Sizi kollayan koruyan bu Marksist arkadaşlarınız ve sol liderler, internet siteleri ve Tv kanalları sizi neden destekliyorlar? Her birinizi kanallarına çıkartıyorlar ve sizin fikirlerinizi uzun uzun anlatma fırsatı veriyorlar. Evet niçin destekliyorlar? Bunu sorgulamak lazım. 
    Bunlar sizi sevdikleri için mi? Sizin davanızı onayladıkları için mi? Partinizin görüş ve düşüncelerini ve çalışmalarınızı çok beğendikleri için mi bu desteği veriyorlar?

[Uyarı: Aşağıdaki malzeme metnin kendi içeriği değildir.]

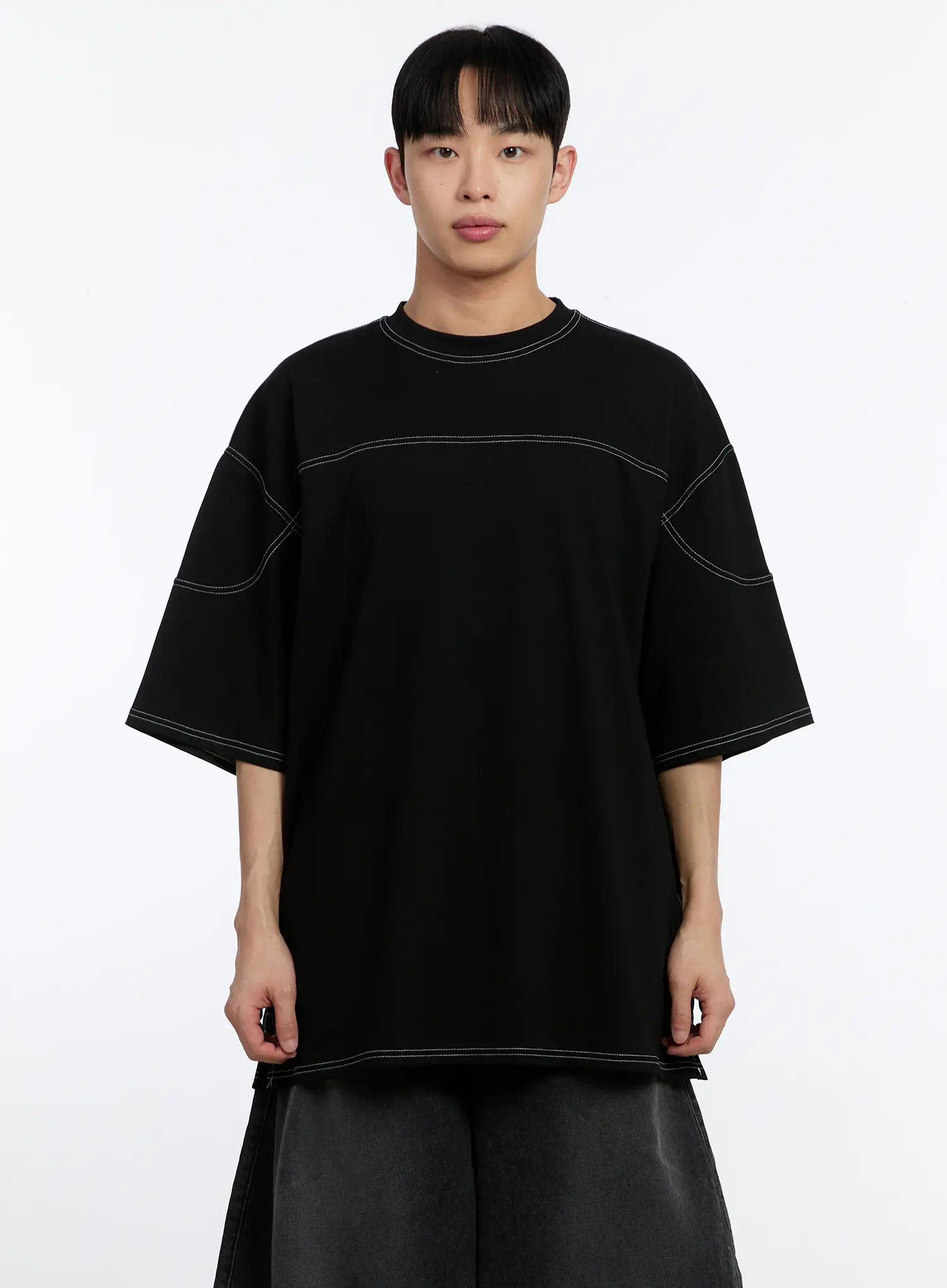 Men's Stich Detail Oversized Tee IA507 - Image 10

Ayrıca sormak lazım sizin gibi sizler kaç tanesiniz? Neredeyse bir düzine oldunuz. 
    Eskiden sol partiler ve sol gelenekten gelenler amip gibi bölünürlerdi de biz de onlarla alay ederdik. 
     Şimdi demek ki büyük konuşmuş onları kınamış olmalıyız ki bizim camiadakiler de aynı bölünüp bölünüp yeni yeni partiler kurmaya başladılar. 

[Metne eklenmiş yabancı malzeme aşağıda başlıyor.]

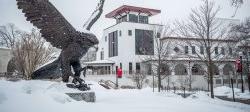 大雪覆盖了密歇根州立大学校园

    Adeta sabah erken kalkan bir parti kuruyor ve ardından veriyor beyanatı.
Eski Ülkü Ocakları genel başkanları da başka bir alem. Biri şu partide, öteki bu partide, daha öteki de daha öteki partide. 
     Hatta İstanbul belediye seçimlerinde ekrana çıkarak Chp adayını desteklediklerini dahi açıklamışlardı. Şimdi bu genel başkan oldukları bildirilen kişiler bir araya gelerek bir beyanda bulunmuşlar. Zafer Partisi genel başkanının tutuklanması olayını Ülkücü Hareketin geçmişi ile irtibatlandırarak hiçbir dayatmaya boyun eğmeyeceklerini bildirmişler.

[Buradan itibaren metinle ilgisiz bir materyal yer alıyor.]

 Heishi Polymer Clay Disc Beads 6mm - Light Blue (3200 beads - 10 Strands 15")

Şimdi soru şu: Şimdi biz hanginize inanacağız? Şimdi biz hanginizin peşinden gideceğiz? Şimdi biz hanginize iyi diyecek, hanginize kötü diyeceğiz? Şimdi sizin hanginizin fikri diğerinden daha geçerli, daha üstün? Hanginizin fikirleri ülkeyi kalkındıracak, ülkeye hamle yaptıracak, Pkk meselesini kökten çözecek? Hanginizin fikirleri mili eğitime yeniden millilik vasfı kazandıracak? Söyler misiniz hanginiz?
Sonra siz hepiniz neredesiniz? Aynı yerde misiniz? neden ayrı ayrı yerlerdesiniz? Neden bir arada değilsiniz. 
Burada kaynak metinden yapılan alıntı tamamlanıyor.